I use AV mode. I set the aperture and I let the camera decide shutter speed taking an evaluative light reading of the entire scene. I always use a tripod and shutter release cable as in nearly all low light situations and low ISO the shutter speed will be longer and the there is the risk of camera shake if you attempt hand hold.



RichardsTPF said:


> This is at low light condition. What makes you use low ISO? I thought low iso would make it darker. This pic doesn't look underexposure at all.



I use the lowest ISO possible to reduce the risk of noise. I have a canon 40D and I do get noise at higher ISO in low light situations.



RichardsTPF said:


> Choose f5.6 because you don't need much DOF when you zoomed in at 100mm, right?

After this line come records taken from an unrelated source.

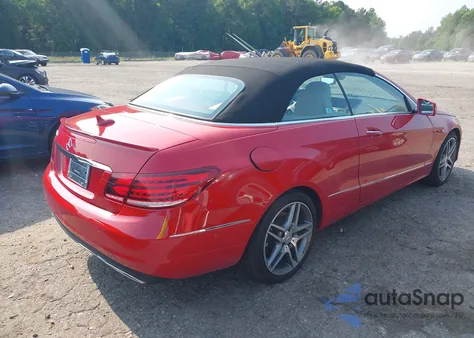 2014 Mercedes-Benz E 350 z USA, uszkodzony, nr VIN WDDKK5KF9EF262031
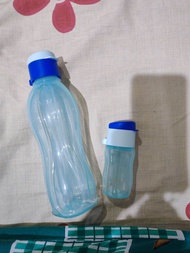 tupperware bottle set 500ml and 90ml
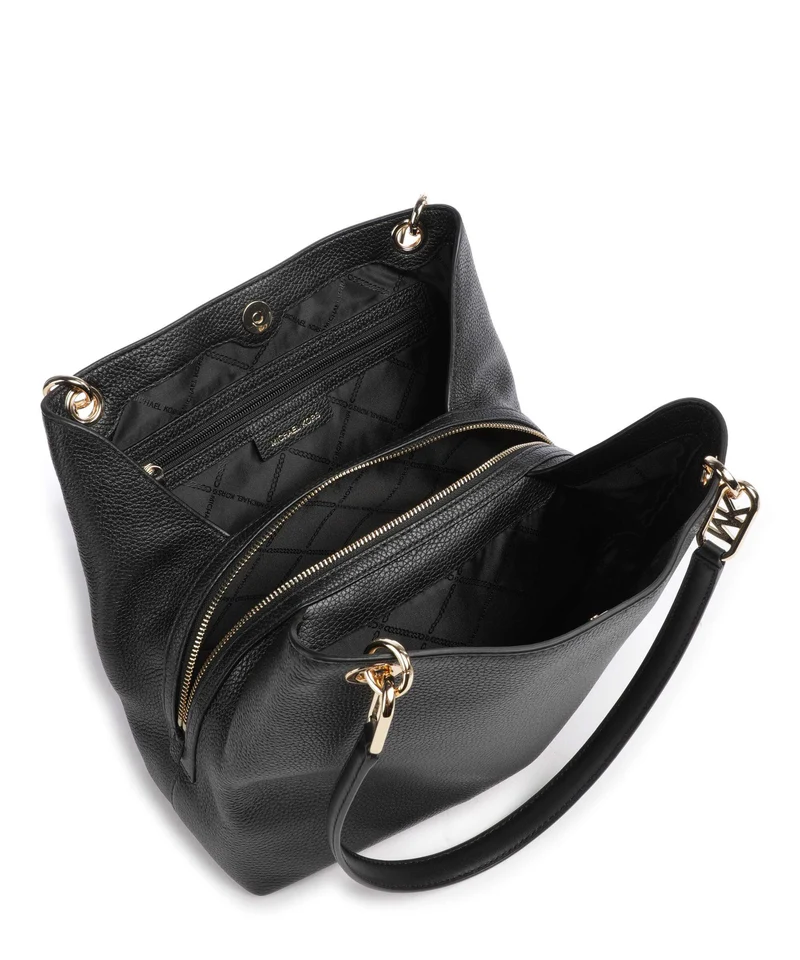 Michael Kors Kensington Large Beuteltasche black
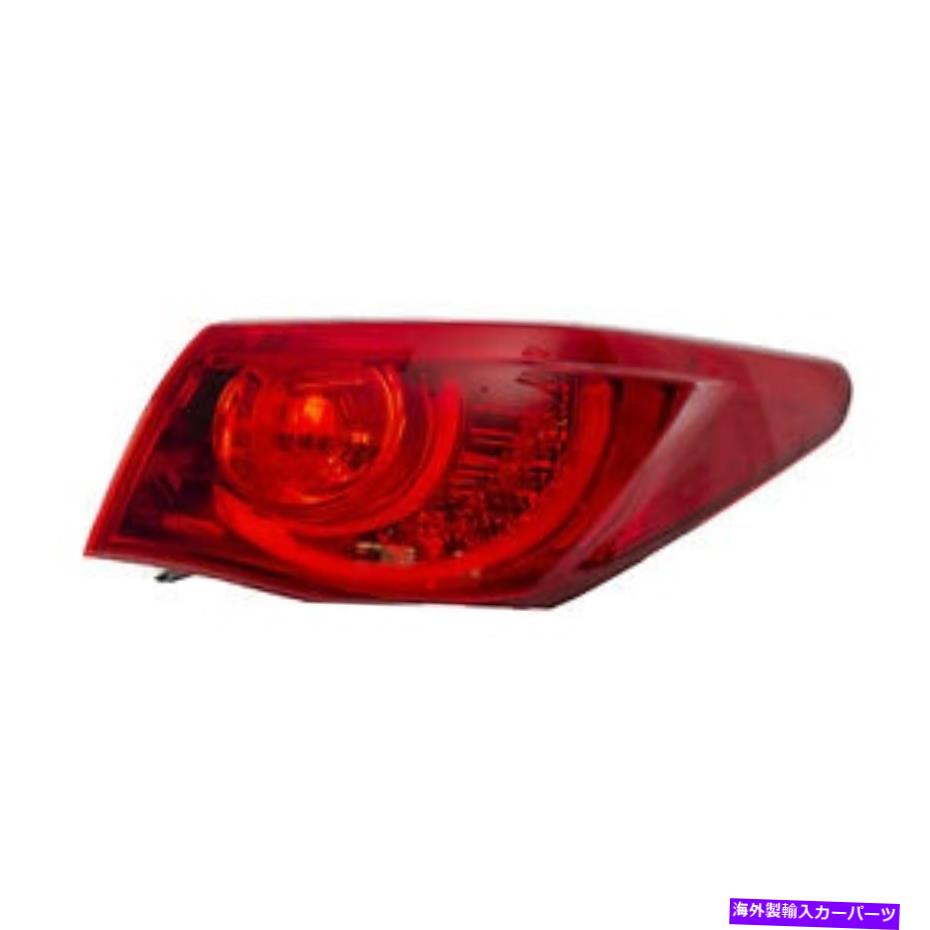 USテールライト IN2805101OE新しい助手席側外側テールライトアセンブリ IN2805101OE New Passenger Side Outer Tail Light Assembly：Us Custom Parts Shop USDM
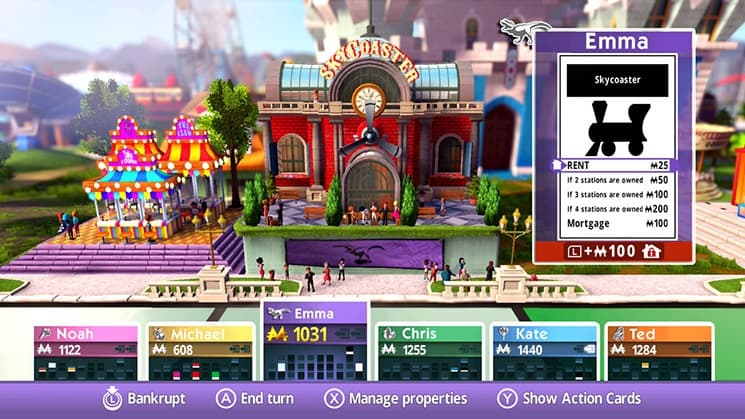 Monopoly for Nintendo Switch
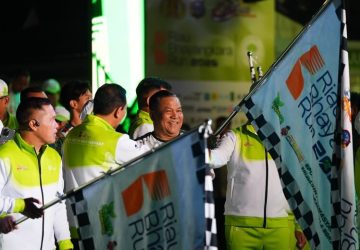 Dilepas Plt Gubri, Riau Bhayangkara Run 2026 Jadi Simbol Sinergi Nyata Cegah Karhutla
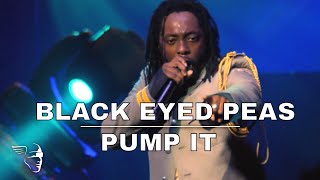 Black Eyed Peas - Pump It (Live)
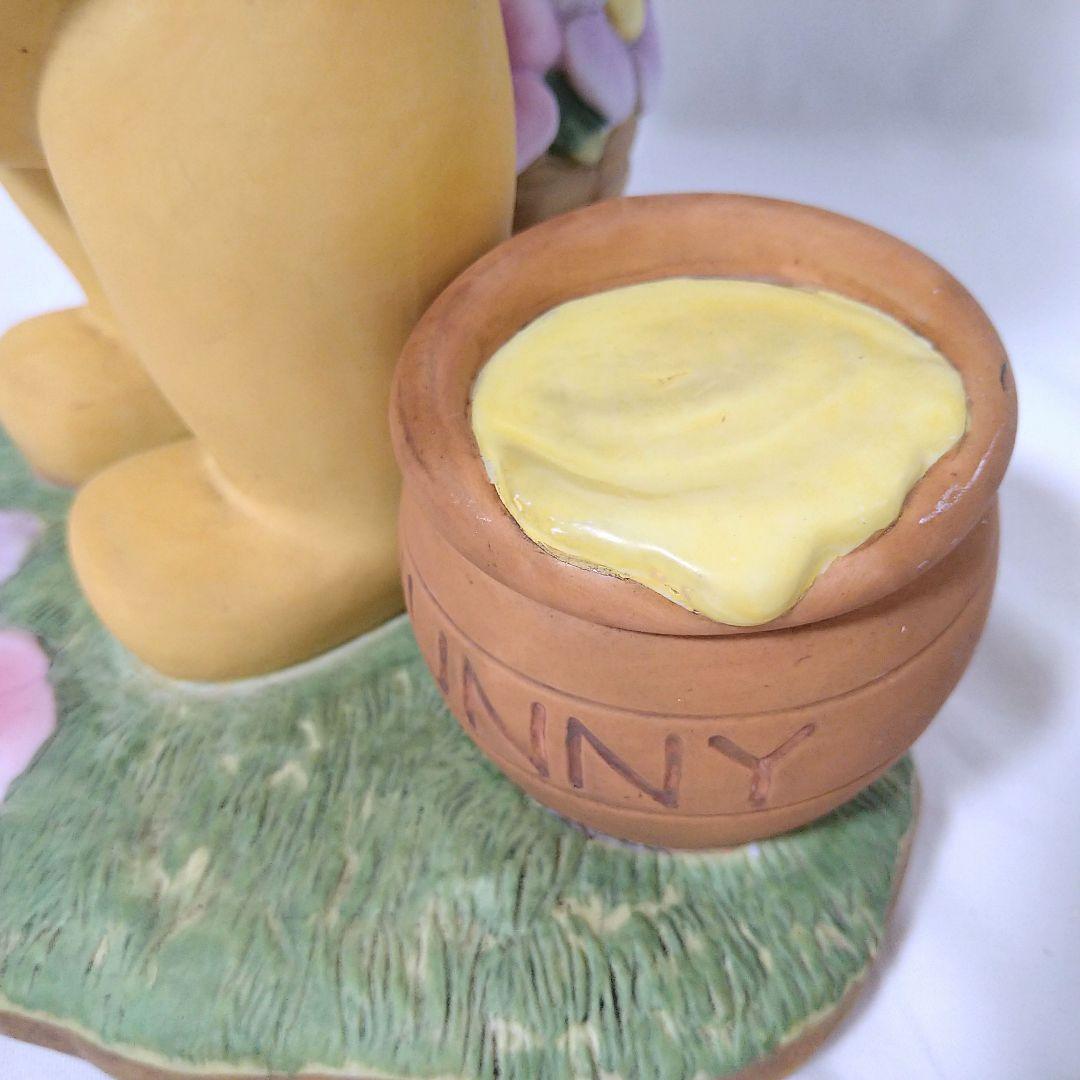 加藤工芸 くまのプーさん スタチュー 陶器 置き物 ガーデニング ビッグ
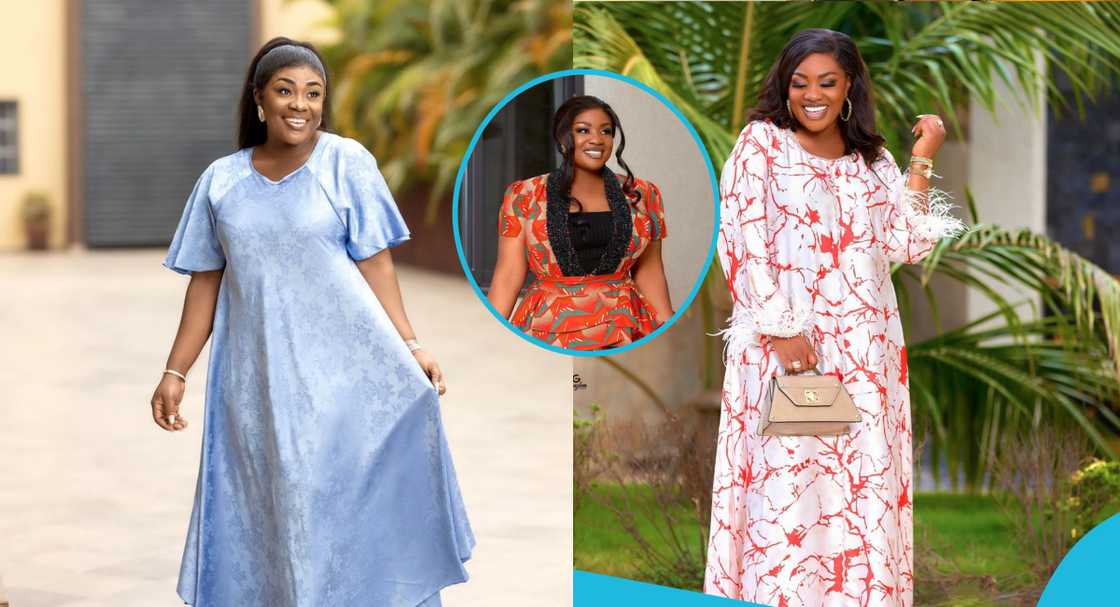 Emelia Brobbey rocks a peplum dress with glittering collar Emelia Brobbey rocks a peplum dress with glittering collar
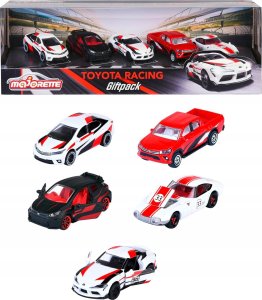 Simba MAJORETTE Toyota racing 5-pack Simba 1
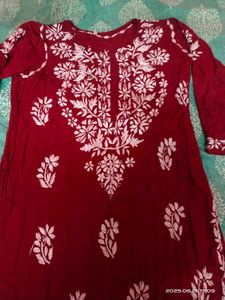 Kurta Set Maroon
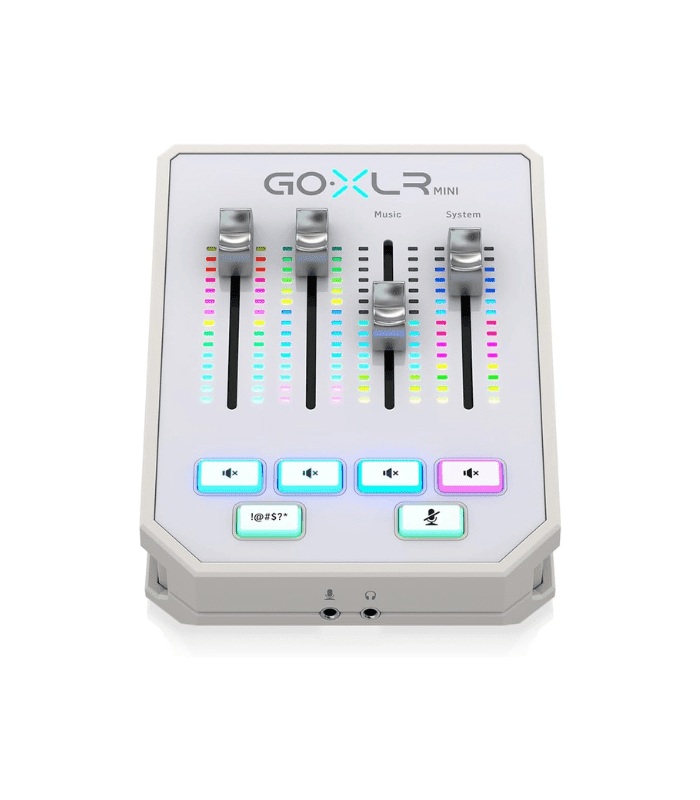 TC-Helicon Go XLR Mini White - Image 3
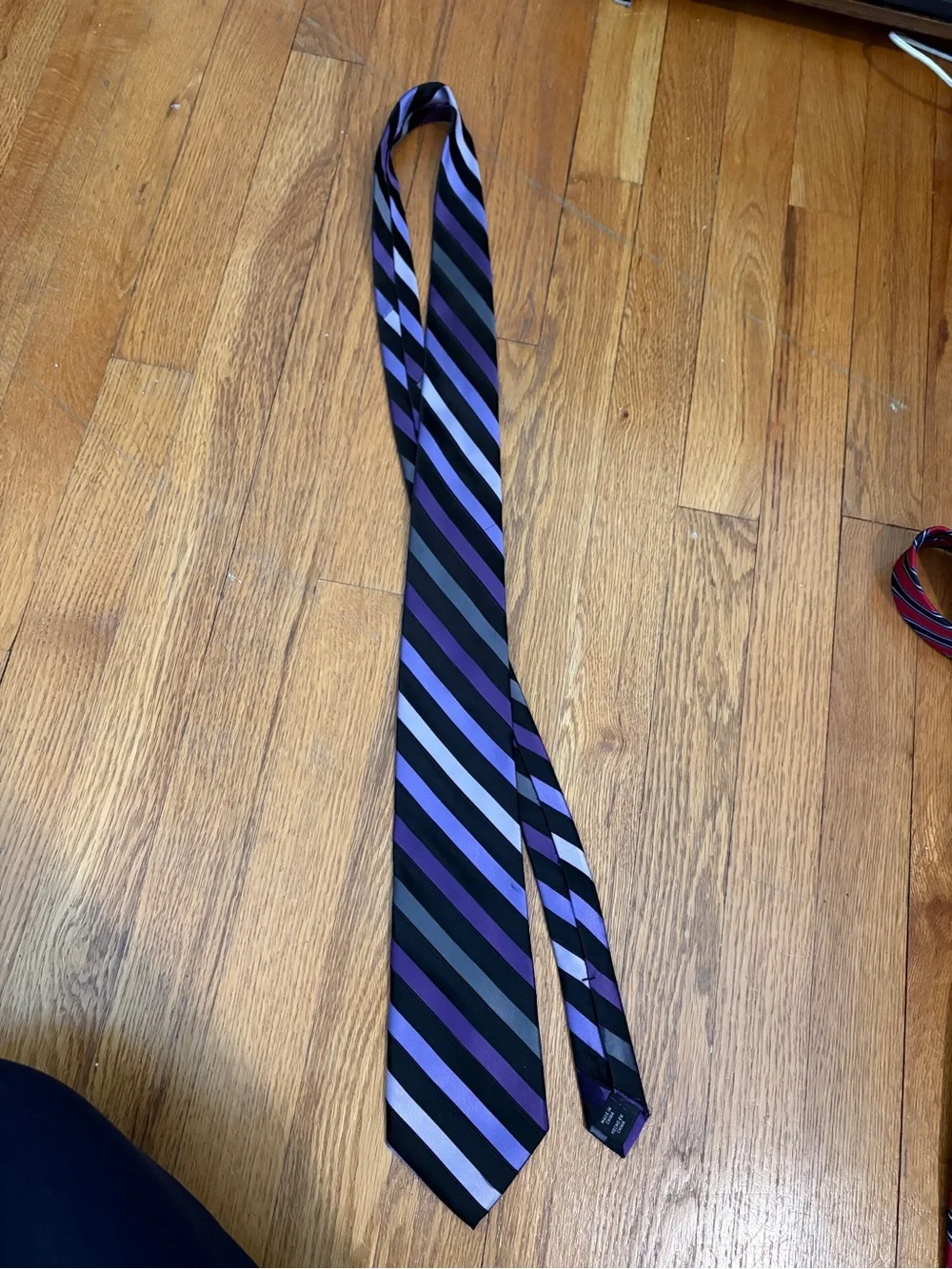 Lot of 7 Men's Colorful Patterned Neck Ties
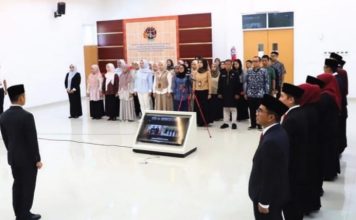 Pelantikan Pejabat Administrator, KaKantah Kota Padang Rivaldi Dilantik Jadi KaKantah Kota Medan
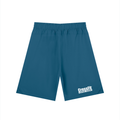 Men’s Solid Elastic Waist Shorts - Central London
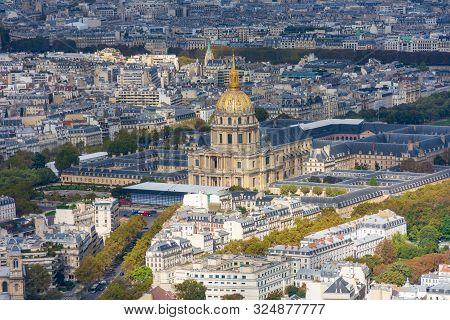 Paris From The Montparnasse Tower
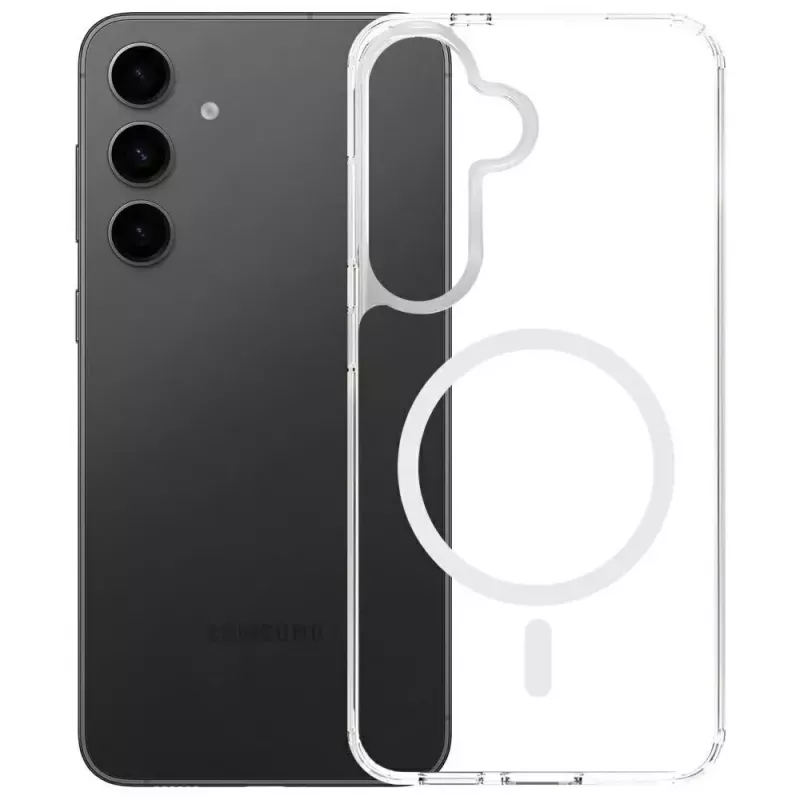 Kaitsev telefoniümbris 3MK Armor MagCase Samsung Galaxy S24/S25-le — vastupidav õhuke disain
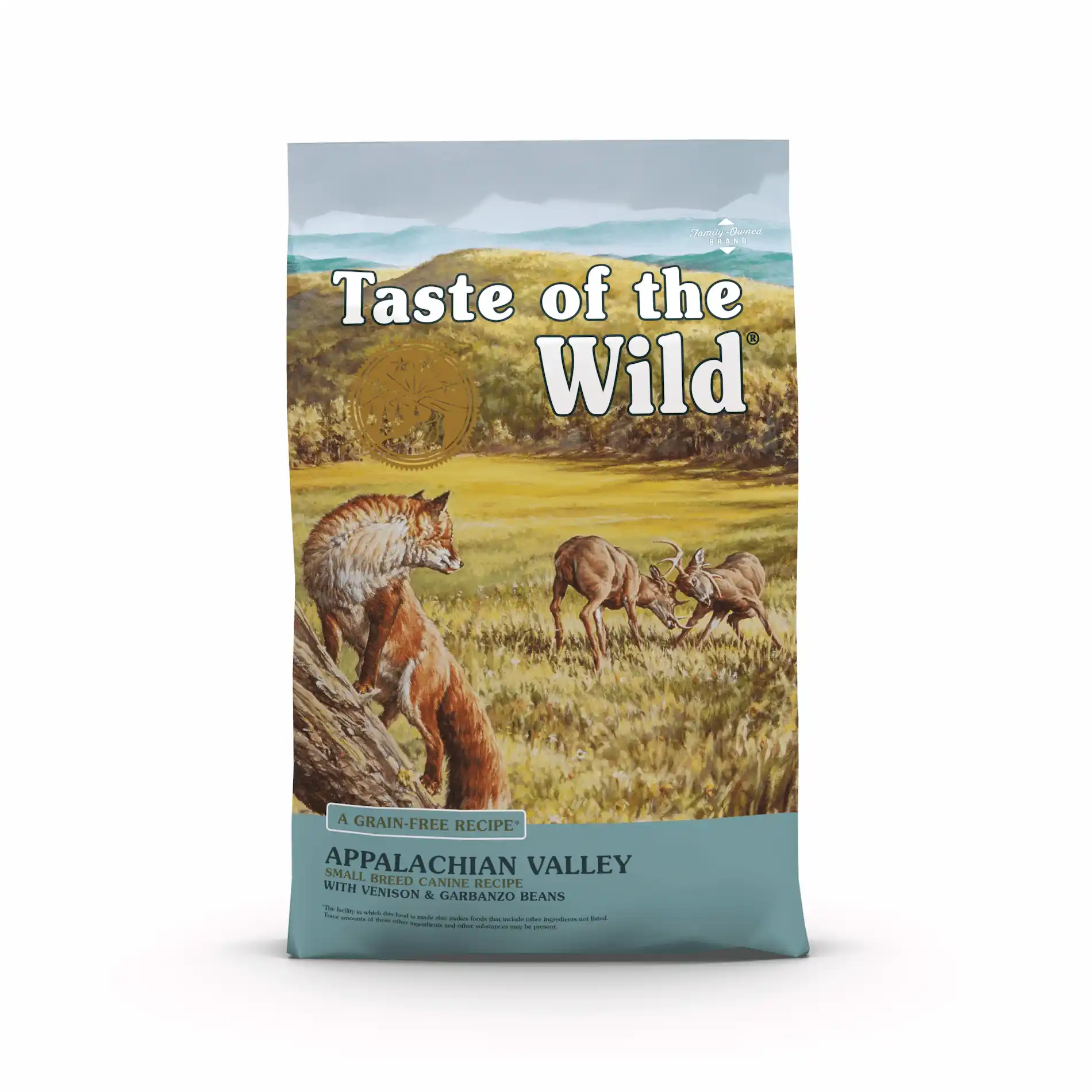 Appalachian Valley Small Breed Canine Recipe with Venison & Garbanzo Beans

The 100mm macro lens I use is a prime lens fixed at 100mm. 5.6 certainly allows a lot more light in however I do use hyperfocal in all situations to achieve infinity focus.



RichardsTPF said:


> What about the white balance?



Auto white balance



RichardsTPF said:


> What setting did you use for #3?



#3 was captured in bulb mode. The full moon to my  left lit the top of the storm anvil, plus the flank line feeding the  storm. The exposure was approx 30 seconds, enough time for the moon to  light up the scene and also wait for a flash from the clouds. ISO was as  low as I could go 100, aperture f5.6, infinity focus 17-40mm f4l wide angle lens.


----------



## Fleacz (Jul 22, 2011)

woow the first 3 are really freakin amazing, nice job


----------



## Ulriksen (Sep 17, 2012)

I love the colors in the clouds of the 2 first photos, just brilliant!


----------



## LazyFrog60 (Sep 19, 2012)

Awesome shots - love all of them!!  My Favs are 2, 3 and 5


----------